Print each entry again exactly as written, and keep the pictures out.

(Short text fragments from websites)
________________________

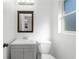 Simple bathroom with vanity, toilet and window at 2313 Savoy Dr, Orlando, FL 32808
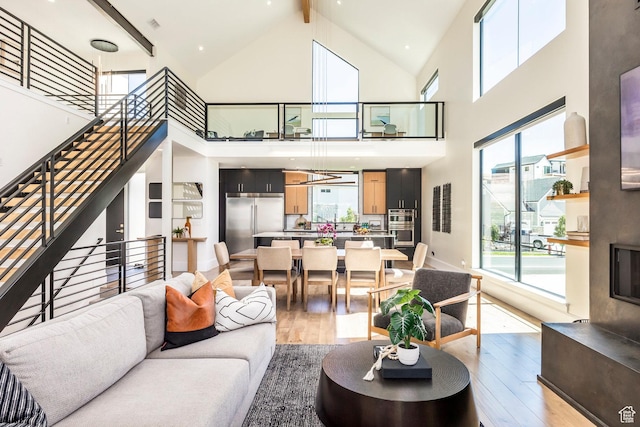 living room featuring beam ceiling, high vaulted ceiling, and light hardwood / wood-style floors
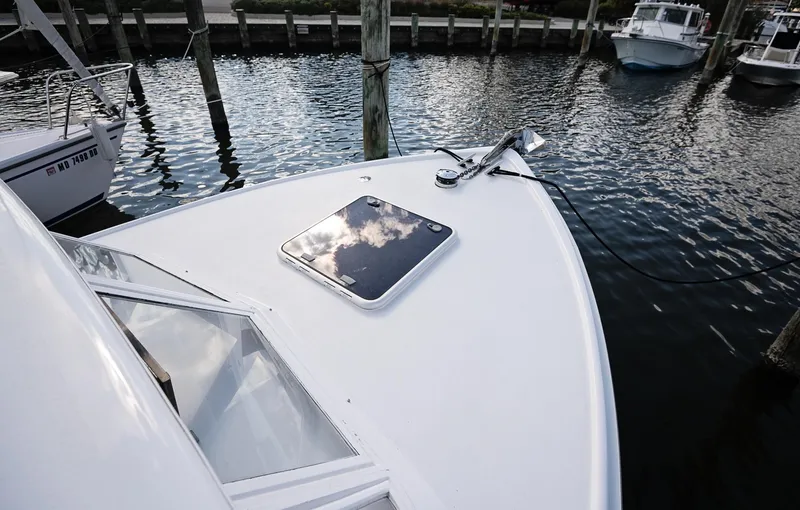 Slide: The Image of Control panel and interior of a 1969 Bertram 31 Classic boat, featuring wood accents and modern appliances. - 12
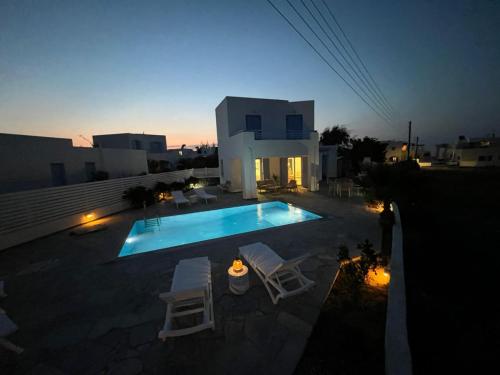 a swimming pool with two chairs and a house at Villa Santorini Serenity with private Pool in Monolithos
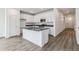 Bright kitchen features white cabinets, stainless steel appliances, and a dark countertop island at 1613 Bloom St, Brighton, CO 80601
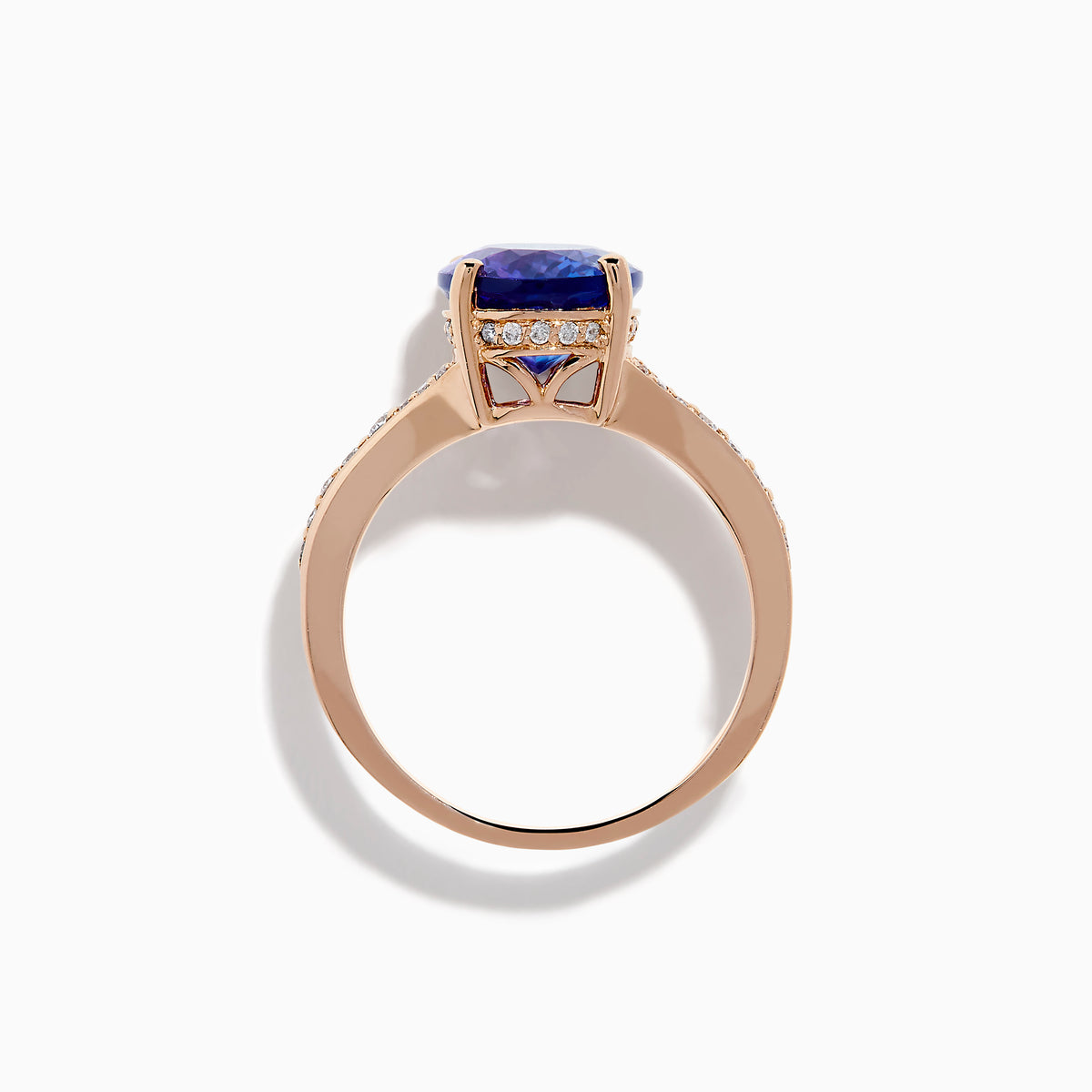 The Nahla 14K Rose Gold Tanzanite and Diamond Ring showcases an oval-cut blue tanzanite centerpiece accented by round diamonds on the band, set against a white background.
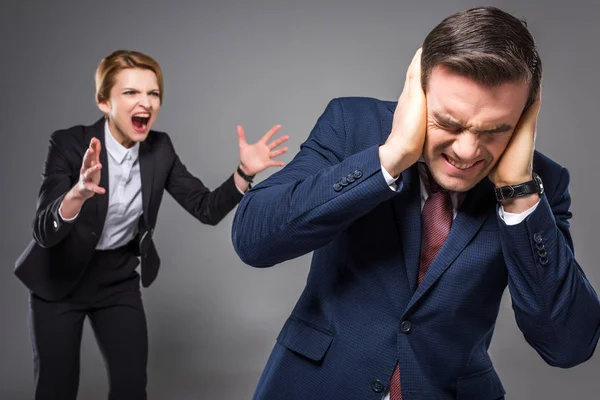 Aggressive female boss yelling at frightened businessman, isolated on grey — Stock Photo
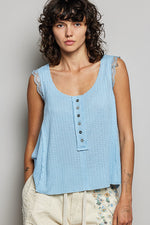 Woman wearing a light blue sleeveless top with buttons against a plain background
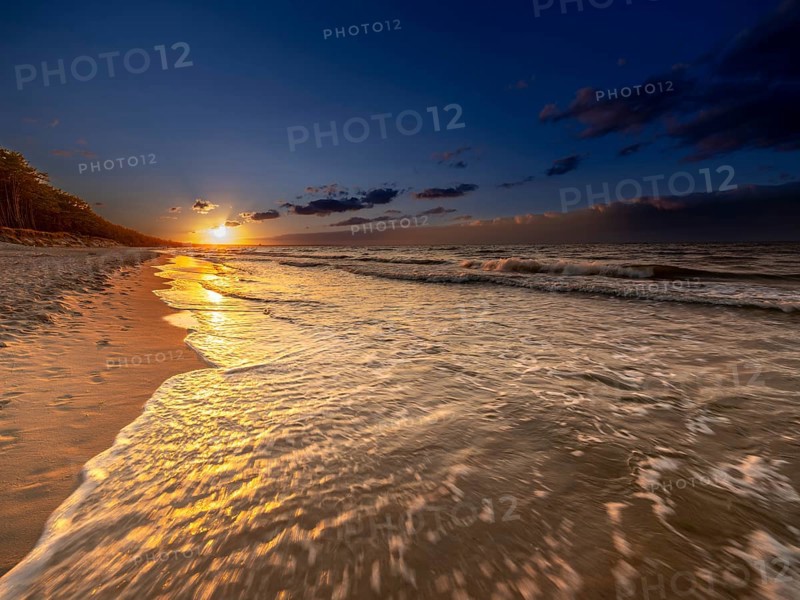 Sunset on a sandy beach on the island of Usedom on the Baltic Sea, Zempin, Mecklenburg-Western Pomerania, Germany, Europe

________________________

### Output for this exercise
 Simple bathroom with vanity, toilet and window at 2313 Savoy Dr, Orlando, FL 32808
 living room featuring beam ceiling, high vaulted ceiling, and light hardwood / wood-style floors
 Slide: The Image of Control panel and interior of a 1969 Bertram 31 Classic boat, featuring wood accents and modern appliances. - 12
 a swimming pool with two chairs and a house at Villa Santorini Serenity with private Pool in Monolithos
 Bright kitchen features white cabinets, stainless steel appliances, and a dark countertop island at 1613 Bloom St, Brighton, CO 80601
 The Nahla 14K Rose Gold Tanzanite and Diamond Ring showcases an oval-cut blue tanzanite centerpiece accented by round diamonds on the band, set against a white background.
 Aggressive female boss yelling at frightened businessman, isolated on grey — Stock Photo
 Woman wearing a light blue sleeveless top with buttons against a plain background
 Sunset on a sandy beach on the island of Usedom on the Baltic Sea, Zempin, Mecklenburg-Western Pomerania, Germany, Europe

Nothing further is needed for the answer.